I smile. I’m a bit stunned by the choice of chair and opening line. “Oh,” I say.

“What are you here for?”

Are you kidding me? My belly is bigger than my cleavage – and a grown man could get lost in there.

It’s happened.

I explain the obvious. “I’m pregnant. I’m here for an ultrasound.”

He looks at my huge black cocktail ring that’s the antithesis of a discreet gold wedding band. “Are you married?”

“No.”

“I like kids,” he says, holding my gaze.

Again: are you kidding me?! I scan the room for Ashton Kutcher’s hiding place.

After the ultrasound, I visit my friend Heather, who tells me I’m the hottest pregnant woman EVER.

At home, the nanny for the neighbour’s family sees me and squeals over my dress.

I’m loving the love. But it’s not the dress. (Or: it’s not all the dress.)

It’s my mood. It’s competence and confidence. This morning, along with my red+purple partner Amanda Farough, I helped Tanya Geisler launch her new site and its premiere event, on online party complete with a jaw-dropping, drool-inducing loot bag. It’s gorgeous. It’s celebratory. Tanya is radiant…and radiating gratitude and generosity to all corners of the online (and offline) world. Including mine.

And because of that – because I’ve done well, and made my client/friend happy – I’m radiant and radiating, too. I’m joyous. I’m celebrating. I’m proud of what we did.

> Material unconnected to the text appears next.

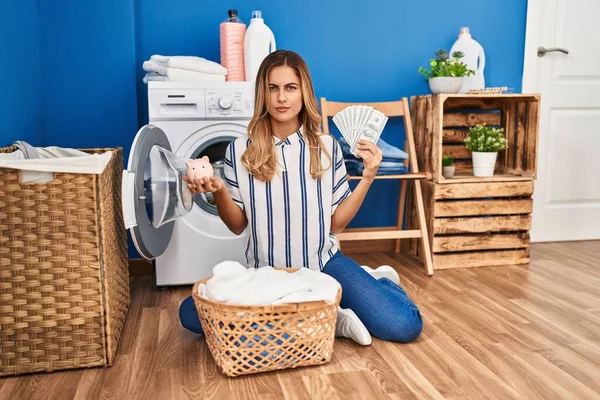 Young Blonde Woman Doing Laundry Saving Money Skeptic Nervous Frowning — Stockfoto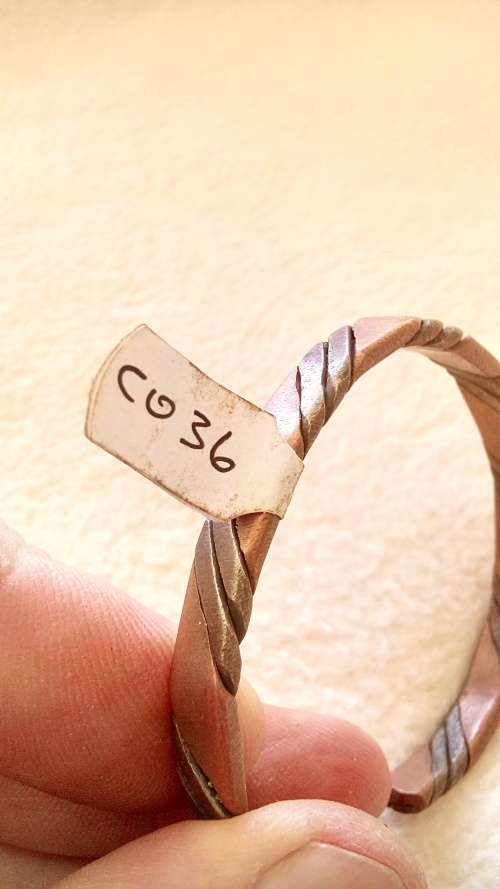 RED COPPER AND METAL WIRE BRACELET.  ADJUSTABLE SIZE.   6.5 MM WIDE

I’m confident we did it well.

It’s like the time when I first fell in love with my man. At the height of newly-smitten, I spoke at a women’s bible study meeting and another woman couldn’t remember my name. Instead of “Kelly”, she referred to me as  ”the young woman who’s beaming.”

Radiance is sexy. It might even be sexier than conventionally prescribed hip-waist ratios of “attractiveness”. Just ask me. Even when I’m not pregnant, I’m height-weight proportionate: I’m as round as I am tall.

And I’m rocking it. Strutting it. Beaming it. Radiating.

Just like Marilyn.

And Joan.

And Kim Brittingham.

———–

If you’d like to win my copy of Kim Brittingham’s Read My Hips (which she graciously gave me to review), let me know in the comments below. I’ll draw and announce a winner on Friday, July 15, 2011.

As Tanya mentioned, Amanda was still putting a “spit-shine” on Tanya’s virtual baby while in labour with her own real baby. Congratulations Amanda and Mike Farough on the birth of Gabriel. xoxo

Much love to Leah Shaver who leapt in with last-minute wordpress wizardry and support.